### Problem to work on
The listing below should be printed in full and exactly, apart from its images.

### Dataset records
──────────

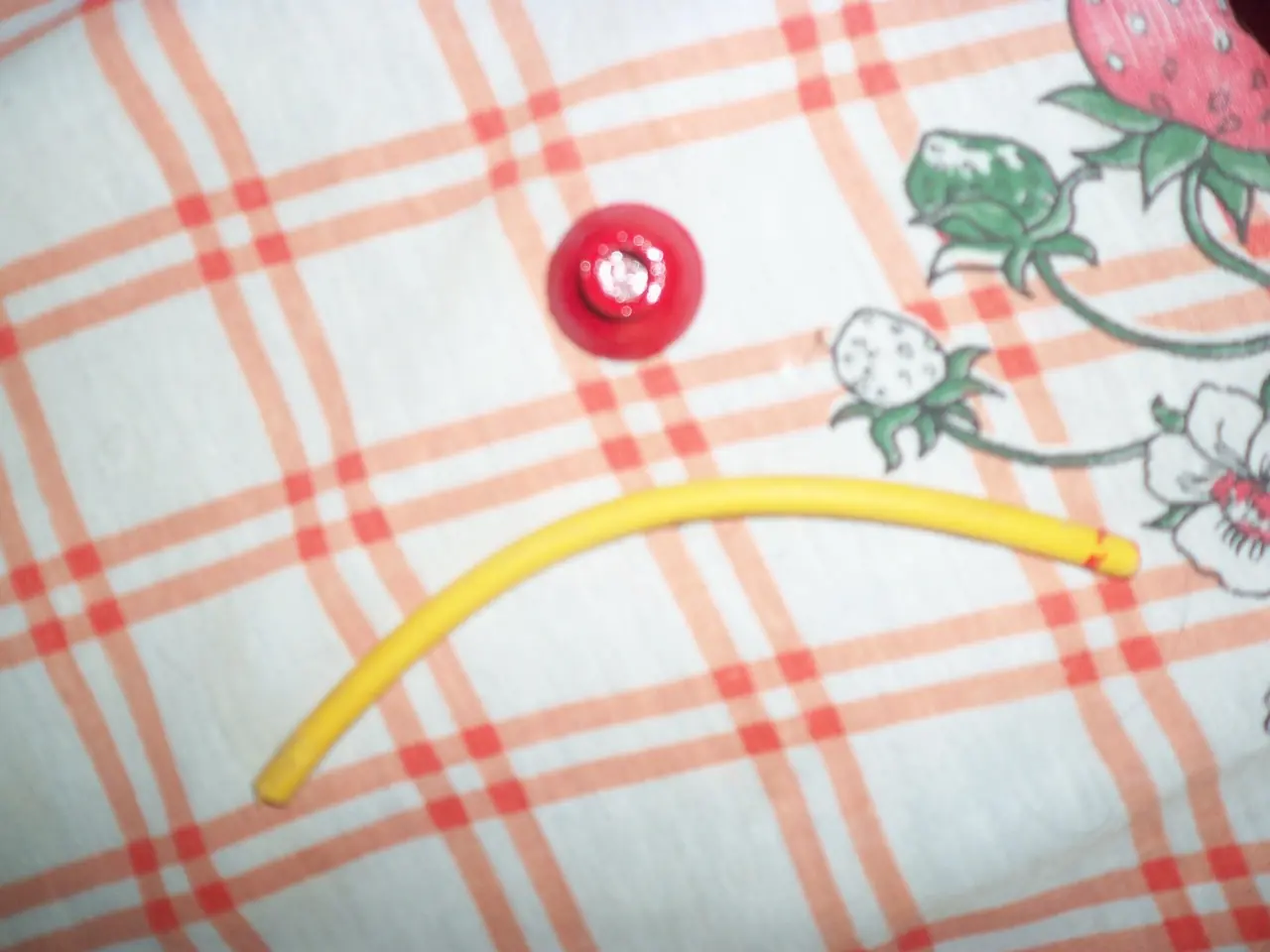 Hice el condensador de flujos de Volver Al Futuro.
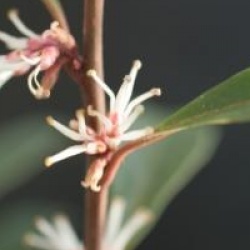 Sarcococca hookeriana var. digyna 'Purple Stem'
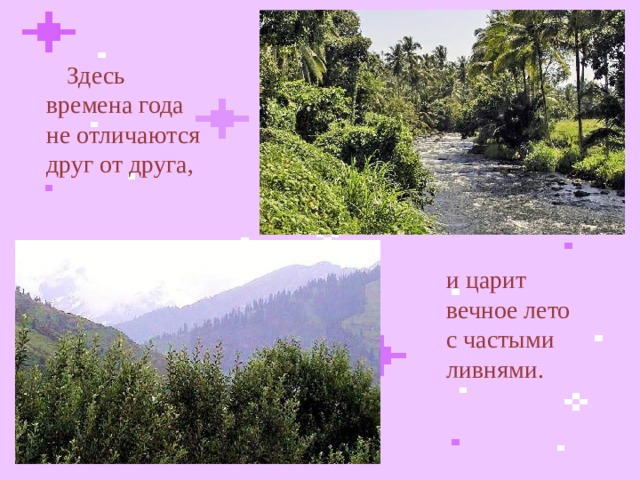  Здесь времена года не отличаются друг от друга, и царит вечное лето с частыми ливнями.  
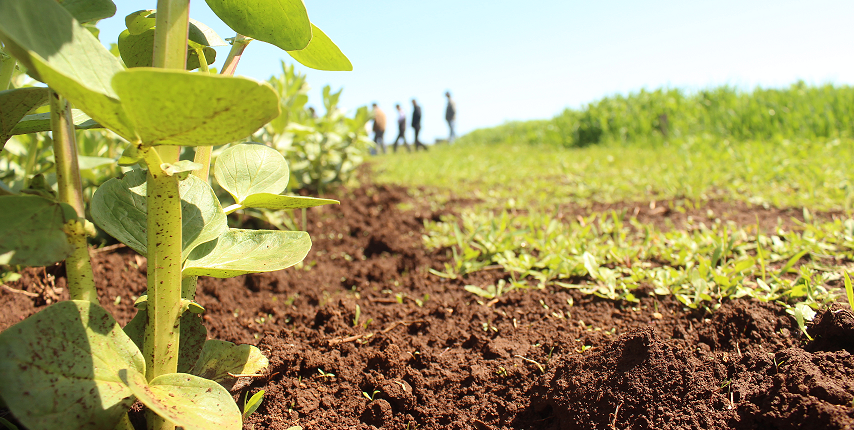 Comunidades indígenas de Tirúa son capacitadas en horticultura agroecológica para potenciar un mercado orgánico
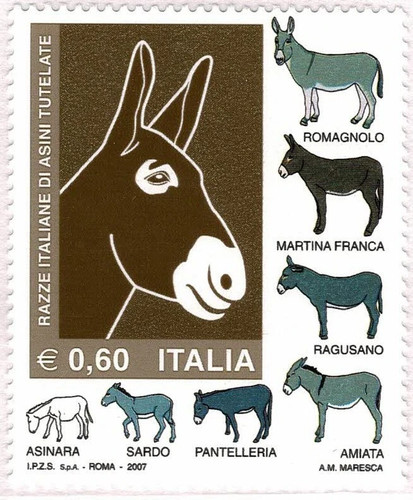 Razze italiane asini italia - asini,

──────────

### Written answer
 Hice el condensador de flujos de Volver Al Futuro.
 Sarcococca hookeriana var. digyna 'Purple Stem'
  Здесь времена года не отличаются друг от друга, и царит вечное лето с частыми ливнями.  
 Comunidades indígenas de Tirúa son capacitadas en horticultura agroecológica para potenciar un mercado orgánico
 Razze italiane asini italia - asini,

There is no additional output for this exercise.